As you just learned, it is possible to pass additional options to Wget.rexx. There are two different kinds of them:

The complete ReadArgs() template for Wget.rexx is:

To/K,Ask/S,Further/S,Port/K,Continue/S,Clip/K,Verbose/S,Options/F

In most cases you will not need to specify any options except those for Wget.

Get Some Details

If you enable Verbose, Wget.rexx will tell you some details what is going on:

Note that this does not influence the output of Wget itself.

Ask for Options

One might not always be satisfied with a few standard macros and would like to pass different options to Wget. On the other hand it does not make sense to clutter the Arexx menu of your browser with loads of only slightly different macros. Invoking the script like

wget.rexx Ask

will pop-up a requester where you can enter options to be passed to Wget. If you already passed other Wget options via command line, the requester will allow you to edit them before starting Wget:

wget.rexx Ask --recursive --no-parent

will bring a requester where the text "--recursive --no-parent" is already available in the input field and can be extended or reduced by the user. Sometimes it may be more convenient to use

wget.rexx Ask Further --recursive --no-parent

This also brings up the requester, but this time the input field is empty. The options already specified in the command line will be passed in any case, and you can only enter additional options. If for example you now enter --reject=mpeg this would be the same as if you would have called

wget.rexx --recursive --no-parent --reject=mpeg

The main advantage is that the input field is not already cluttered with loads of confusing options.
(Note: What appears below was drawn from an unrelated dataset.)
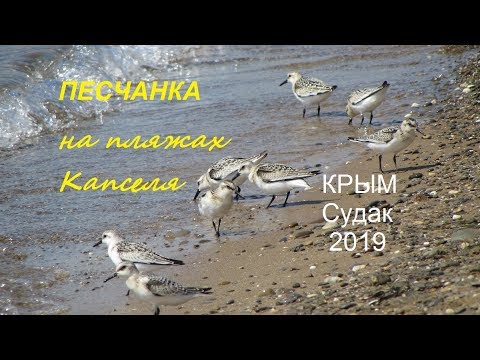 Песчанка Calidris alba, Крым, СУДАК 2019,  Пляж в Капсельской бухте 04 сентября
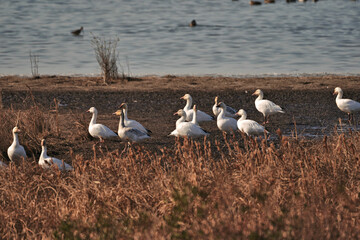 Swans, Geese, and Ducks Migrating to the Pristine Outer Banks of North Carolina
The drawback is that you can not edit or remove options already passed from the command line.

Specify Options for Wget

The last part of the command line can contain additional options to be passed to Wget.

Important: You must not pass any Wget.rexx specific options after the first option for Wget. For example,

wget.rexx Ask --quiet

tells Wget.rexx to pop-up the options requester and Wget to not display download information. But on the other hand,

wget.rexx --quiet Ask

will pass both --quiet Ask to Wget, which of course does not really know what to do about the Ask.

Specify a Different Download Directory

If you do not want the downloaded data to end up in Web:, you can use To to specify a different download directory. For example:

wget.rexx To=ram:t

The value denotes a path in AmigaOS format. Internally it will be converted to the ixemul-style before it is passed to Wget. Fortunately you do not have to know anything about that.

With a little CLI magic, you can let a file requester ask you for the download directory:

wget.rexx To=`RequestFile DrawersOnly SaveMode NoIcons Title="Select Download Directory"`

Note that the quote after To= is a backquote, not a single quote. You can find it below Esc on your keyboard.

Select the Browser ARexx Port

Normally you do not want to do this because Wget.rexx figures out the ARexx port to use by itself.

First it assumes that the host it was started from was a browser. In such a case, it will continue to talk to this host no matter how many other browsers are running at the same time.

If this turns out to be wrong (e.g. because it was started in the CLI), it tries to find one of the supported browsers at its default port. If any such browser is running, it will use this.

If no browser is running, the script does not work at all for apparent reasons.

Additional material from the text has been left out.